Saturday, March 10, 2018

Clifton Heights Carnegie Hero

Darby Creek in Clifton Heights a 100 year old view

NOTE: In 1904 Andrew Carnegie, the steel magnate from Pittsburgh, created the Carnegie Hero Fund. The fund awards medals and cash to individual heroes who are nominated and approved. The fund still exists today.



 Event Will Take Place Sunday Evening in the First Presbyterian Church at Clifton Heights

February 11, 1910

                There will be a service of great interest in the First Presbyterian church of Clifton Heights next Sabbath evening at 3 o’clock when the pastor, Rev.
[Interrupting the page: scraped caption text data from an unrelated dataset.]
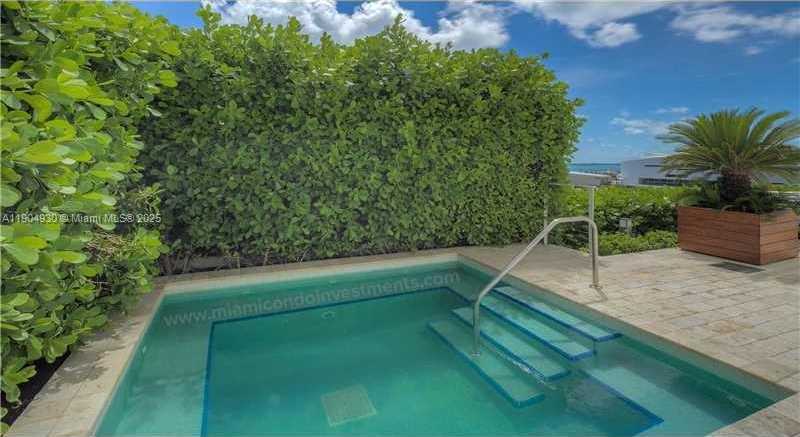 Small Image of 1040 BISCAYNE BLVD #1707, Miami Number 15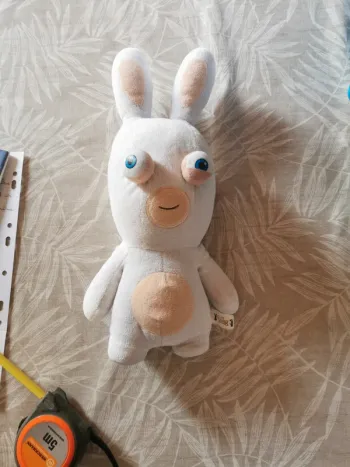 Peluche lapin crétin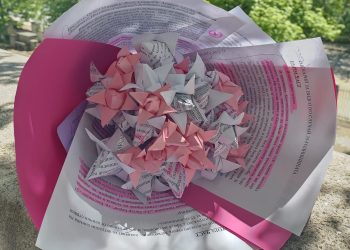 35 хартиени лалета за 35 години ЕГ „Д-р Петър Берон“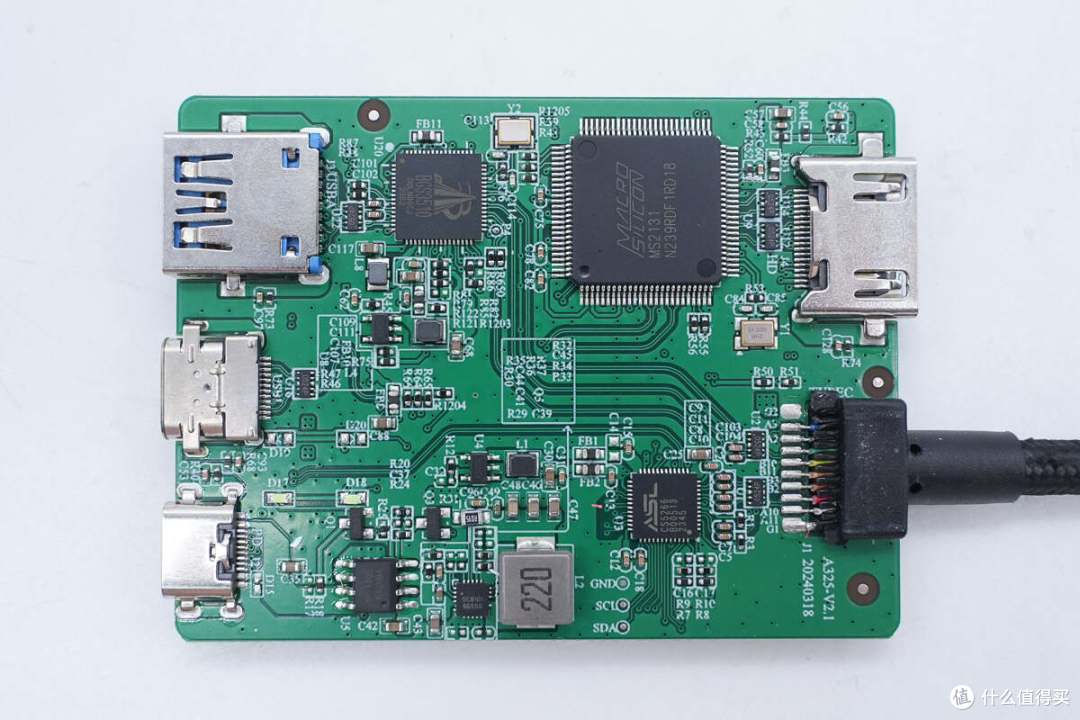 拆解报告：llano绿巨能USB/Type-C高清视频采集器A325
W. R. Huston, will tender to William C. Buley of Clifton Heights, the Carnegie Hero Medal recently awarded to him by the Carnegie Hero Fund Commission for saving of the life of Mrs. Hannah A. Lewis, wife of George D. Lewis, at Clifton Station, Aldan, April 16, 1908.
                The address will be made by V. Gilpin Robinson, Esq., the undistinguished attorney of Delaware County on “Christian Courage” and the choir will render special music.
                An invitation has been extended to both the local fire companies to attend this service and also to the community in general when all may fittingly recall the words of Jesus inscribed upon the medal, “Greater love hath no man than this that a man lay down his life for his friends.” – John XV.-13.
                Mr. Buley’s act in saving the life of Mrs. Lewis was one which at the time, attracted the attention of the whole community of Aldan, Clifton Heights and vicinity and called forth unstinted praise.  Mrs. Lewis, who lives in Germantown, has been on a visit to friends in Clifton Heights, and going to the train to return home crossed over the tracks of the Pennsylvania railroad from the Clifton Heights to the Aldan side by walking on the tracks over the Springfield Road bridge and around the end of the track fence rather than go down the steps and under the railroad.  While on the bridge on the Aldan side the train came around the curve behind her and she started to run, fell upon the bridge, arose, and ran forward only to fall again in front of the approaching train.  Mr. Buley was on the platform of the station waiting for the train and seeing the woman’s peril ran to her help, jumped down upon the track, seized her prostrate form and threw himself backward upon the station platform just in time to save both the woman and himself from a terrible death.  The rescue was so close that the engineer thought he had run over both of them.  Mrs. Lewis was slightly struck by the engine in passing.  Mr. Buley was unhurt.
                The tragedy of the occasion was greatly increased by the death of Mr. McCue, a young man employed by the Pennsylvania railroad, who was on the train which came to such a sudden and unexpected stop upon the Springfield Road Bridge.  In attempting to go forward to see the cause of the sudden stopping of the train, Mr. McCue stepped out from the train upon the railing of the bridge, which broke beneath his weight and he was thrown to the street below injuring his spine and causing his death a few days later.
                The attention of the Carnegie Hero Fund Commission was called to the act of Mr. Buley by the pastor of the First Presbyterian church and that Commission, after careful investigation, examination of the conditions and hearing of the witnesses awarded to Mr. Buley a bronze medal and seventeen hundred and fifty dollars ($1750), a sum sufficient to cancel the mortgage upon his home.  Mr. Buley is married and has six children, and had his noble effort cost him his life their loss would have been irreparable.